117 Non-B DNA structure-induced genetic instability in mammalian cells

Abstract

Repetitive regions of genomic DNA can adopt a number of different structures, e.g. Z-DNA and they are at risk for increased genetic instability and disease development [As reviewed in (Zhao, Bacolla, Wang, & Vasquez, 2010)]. We found Z-DNA structure is intrinsically mutagenic in cultured mammalian cells and in chromosomes of transgenic mice (Wang Carbajal, Vijg, DiGiovanni, & Vasquez, 2008).

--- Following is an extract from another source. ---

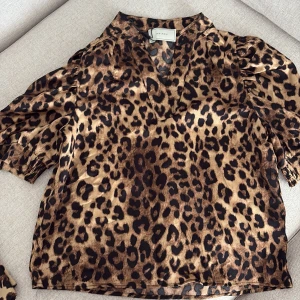 Leopardmönstrad blus från Neo Noir - Snygg blus från Neo Noir i leopardmönster med bruna och svarta toner. Blusen har korta puffärmar med resår vid ärmslut och en v-ringad halsringning. Materialet är glansigt och känns lyxigt, perfekt för dig som vill sticka ut.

Our recent data showed CG14 repeats, a model Z-DNA-forming sequence, could stall DNA polymerase progress in mammalian COS-7 cells, while AT14 repeats that does not form Z-DNA conformation, did not affect replication. These data suggested a replication-dependent model of Z-DNA-induced mutagenesis in mammalian cells. In addition, we also found that Z-DNA caused mutation and DNA breakage in the absence of DNA replication, and the spectrum of mutation from unreplicated system tended to have more large deletions than replicated DNA, suggested a replicated-independent pathway of Z-DNA-induced genetic instability (Wang, Christensen, & Vasquez, 2004). Several DNA repair proteins were found to be involved in Z-DNA induced mutagenesis, but in different ways: adding XPA protein back in, otherwise, deficient XP12RO cells increased Z-DNA-induced mutation frequency by −50%, while expressing MSH2 protein in Hec59 cells reduced Z-DNA-induced mutation frequency by −25%. Interestingly, cytosine methylation in CpG repeats induced higher frequencies of deletions and rearrangements with a broader mutant size distribution than that found with unmethylated CpG repeats. We discovered that unusual structural features of the methylated CpG sequences precluded local nucleosome assembly leading to genetic instability. Thus, non-B DNA-induced mutation appears to be a very complex process where DNA replication, repair and epigenetic modification are all involved.